Of course, Leo’s decision to cut ties with Juno isn’t as easy as he thinks it should be, and even though Juno has known Leo would have to marry again some day, that isn’t as easy to accept as perhaps it should be. These two have been in denial about their feelings for one another for so long that it seems they’ve actually started to believe that they’re nothing more than friends, and they have a lot of soul-searching to go through in order to realise the extent to which they’ve been fooling themselves. Juno has never understood just how much her abandonment by her parents has informed her attitude towards relationships, how her belief that nothing lasts has translated into words and actions which have led Leo to believe she’s not interested in anything permanent. And Leo’s disastrous first marriage has made him want to eschew passion and any serious entanglements, so he’s given off signals that he’s ‘untouchable’ and is not desirous of anything that involves real and deep emotions.

It’s very rare for me, a hero-centric reader, to find that I like the heroine more than the hero in a romance, but this is one of those times. Juno is so very much herself, so lively and honest and interesting and I was pleased that the author found a way to portray her authentically and as a woman of her time. So many heroines in historical romances these days are social reformers, tavern or gambling-hell owners who gad about London with little regard for their reputations and act and speak in a manner more in keeping with the twenty-first century than the nineteenth, but Juno, despite her free-spirited nature, isn’t one of those. She knows she has to maintain a degree of respectability and operates within the social boundaries, which are perhaps a little more flexible because of the fact she’s not one of the social elite, but which are nonetheless very much present.

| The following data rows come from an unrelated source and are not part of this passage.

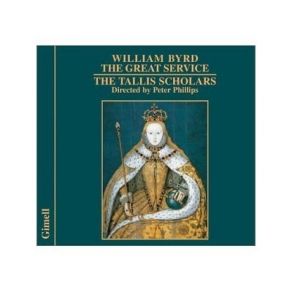 William Byrd: The Great Service - Peter Phillips album cover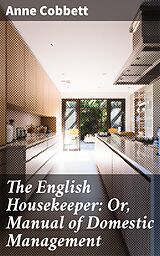 E-Book (epub) The English Housekeeper: Or, Manual of Domestic Management von Anne Cobbett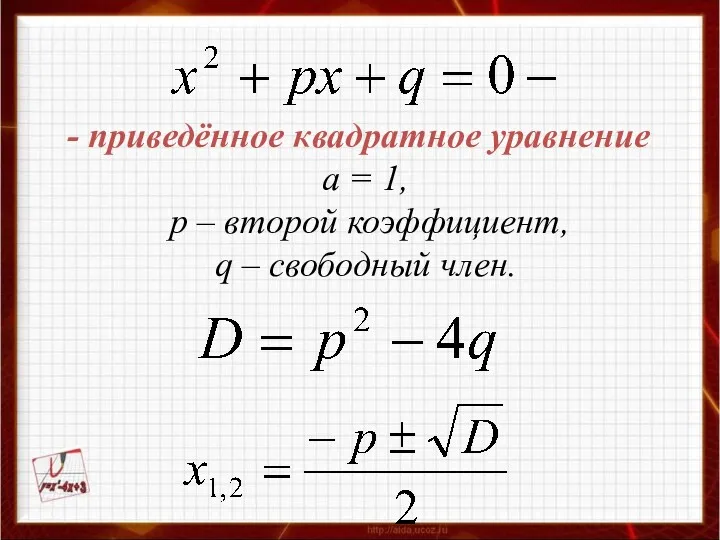 - приведённое квадратное уравнение а = 1, р – второй коэффициент, q – свободный член.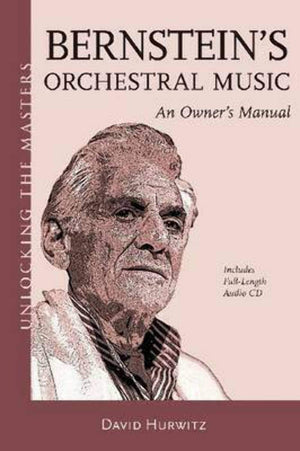 Bernstein's Orchestral Music: An Owners Manual  Unlocking the Masters Series No. 22,Used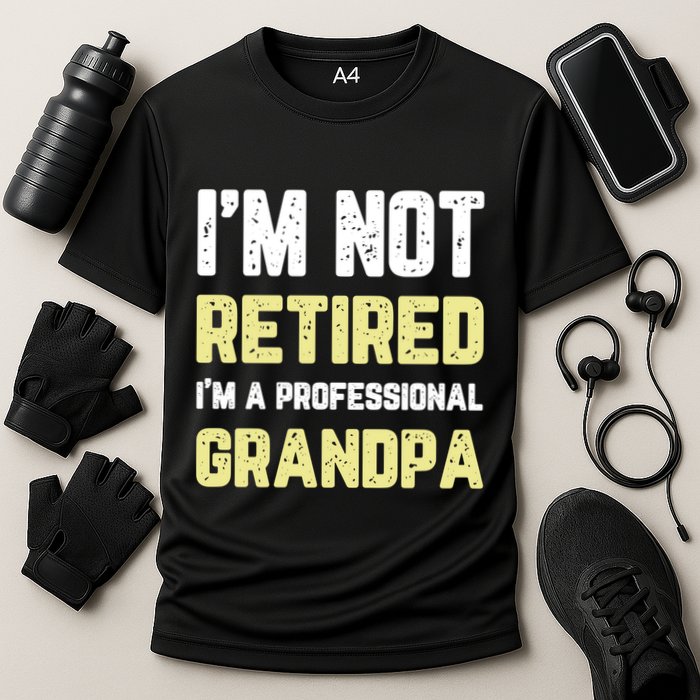 Im Not Retired Professional Grandpa Retiret Cool Funny Gift Cooling Performance Crew T-Shirt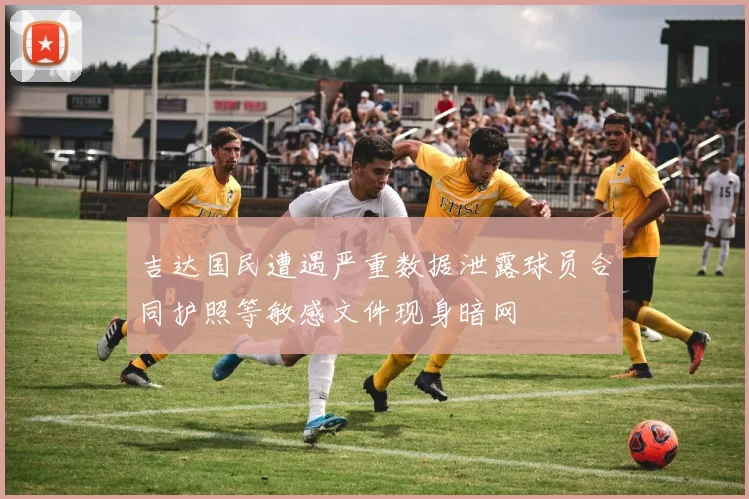 吉达国民遭遇严重数据泄露球员合同护照等敏感文件现身暗网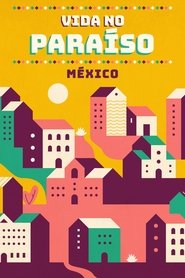 Poster da série Vida no Paraíso: México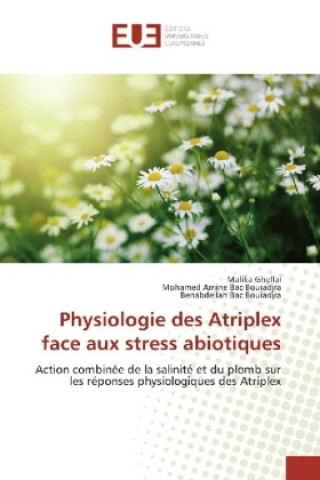 Książka Physiologie des Atriplex face aux stress abiotiques Malika Ghellai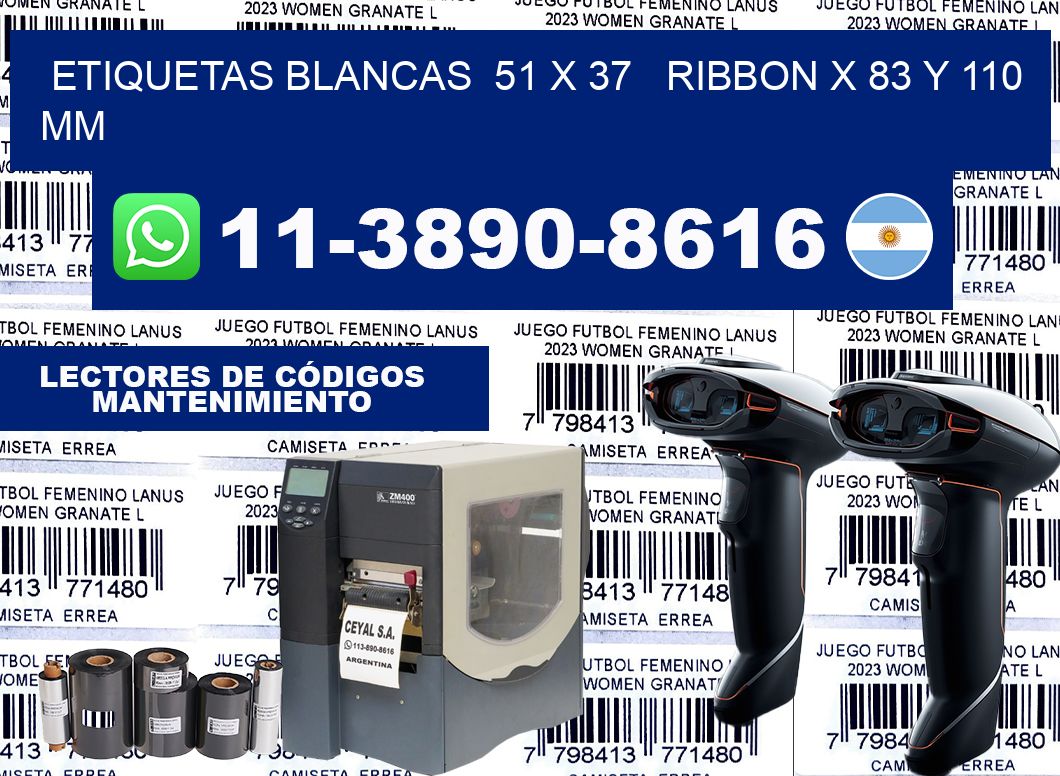 etiquetas blancas  51 x 37   ribbon x 83 y 110 mm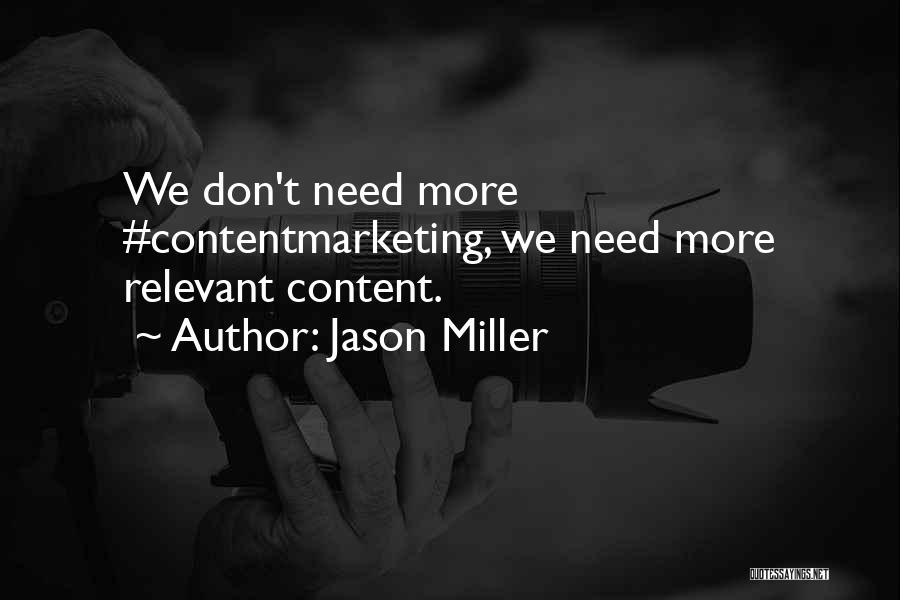 Jason Miller Quotes: We Don't Need More #contentmarketing, We Need More Relevant Content.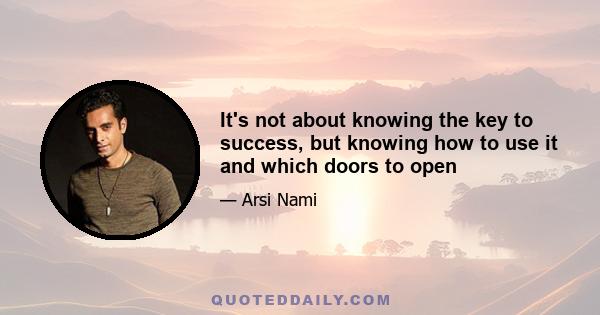 It's not about knowing the key to success, but knowing how to use it and which doors to open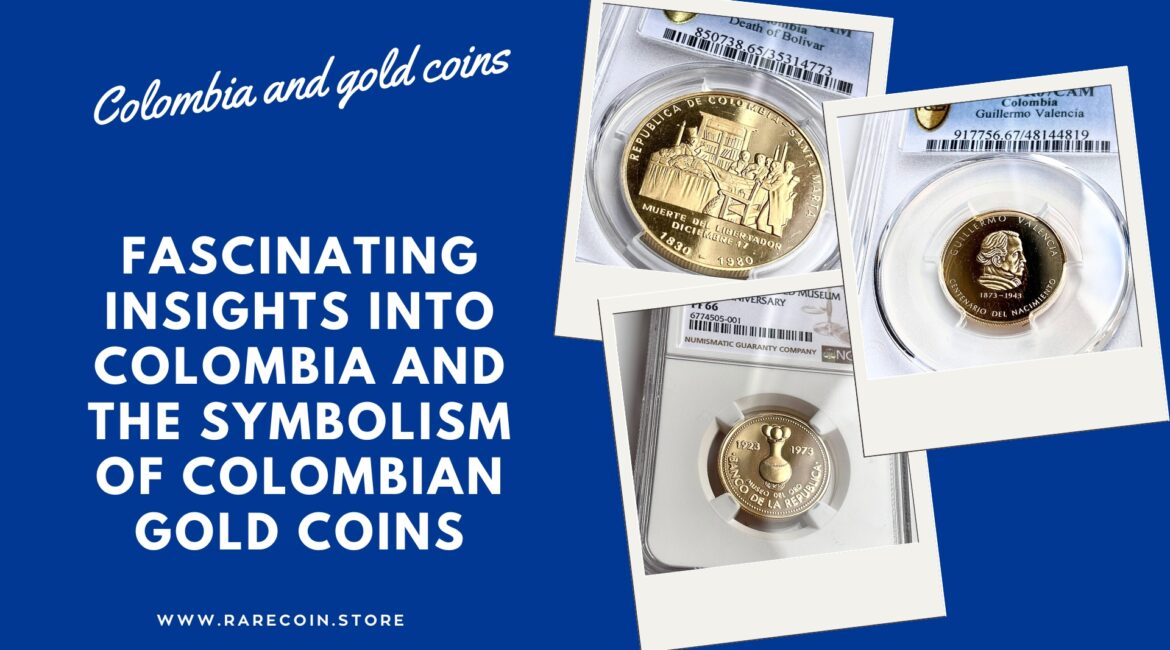 Información fascinante sobre Colombia y el simbolismo de las monedas de oro colombianas.
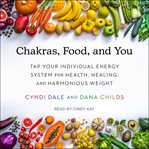 Chakras, food, and you : tap your individual energy system for health, healing, and harmonious weight cover image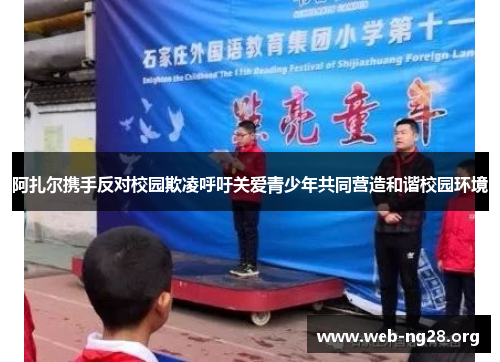 阿扎尔携手反对校园欺凌呼吁关爱青少年共同营造和谐校园环境 阿扎尔携手反对校园欺凌呼吁关爱青少年共同营造和谐校园环境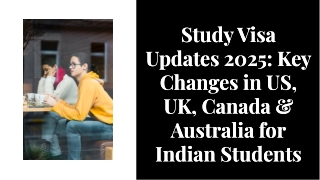 Study Visa Updates 2025: Key Changes in US, UK, Canada & Australia for Indian St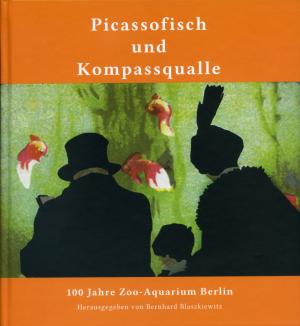 <strong>Picassofisch und Kompassqualle, 100 Jahre Zoo-Aquarium Berlin</strong>, Herausgegeben von Bernhard Blaszkiewitz, Lehmanns Media, Berlin, 2013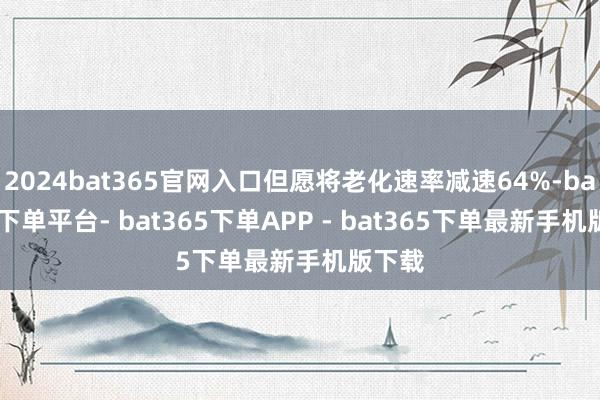 2024bat365官网入口但愿将老化速率减速64%-bat365下单平台- bat365下单APP - bat365下单最新手机版下载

Leo is a witty, charming hero, but I found him harder to like to start with (not helped by the fact that he acts cruelly towards Juno on a couple of occasions.) There’s no doubt he’s constrained by duty and responsibility, and also by his own view that he needs his life not to be “messy”, but it wasn’t until the second half of the book that I really started to like him, once we started to see his more vulnerable, less pig-headed side, the real man beneath the veneer, the man who loved deeply and has never really stopped.

Mia Vincy is a terrific writer – in fact, she’s one of the handful of writers of historical romance I still read – who knows how to craft interesting, well-developed characters and imbue them with warmth and charm, and to introduce conflict into a story in a way that is dictated by the characters rather than any particular plotline. I liked Juno and Leo individually and as a couple and I enjoyed the book as a whole, but the pacing is on the slow side, especially in the first half, and the second seemed like a race to the finish. I also can’t deny that this is one of those stories that couldn’t exist if the protagonists had just had a simple conversation, and came away thinking that perhaps it might have worked better as a novella.

That said, getting to listen to Kate Reading for eleven hours can never be a bad thing! As I’ve gravitated away from m/f romances, I’ve listened to her less frequently than I used to, but she’s every bit as good as I remember, and delivers a consistently excellent performance here. Her portrayal of Juno is especially good, really capturing the character’s zest for life and generous spirit, and Leo sounds exactly as he should, complete with that slight aristocratic drawl and deadpan delivery of witticisms Ms. Reading is so very good at. She’s equally good when it comes to conveying the true emotions motivating the characters – despair, anguish, passion – and at creating and clearly differentiating a large-ish secondary cast which includes stuffy old Earls, gossipy (and vindictive) matrons, proper young ladies and a wonderfully louche former soldier – who happens to be Leo’s half-brother.

A Scandalous Kind of Duke isn’t my favourite book by this author and lacks the humour and vitality of the other books in the Longhope Abbey series, but Kate Reading’s performance kept me engaged through the slower parts, and if you, like me, miss the days of really good historical romance (in which the word ‘historical’ was not so often ignored) then this one might be a good bet.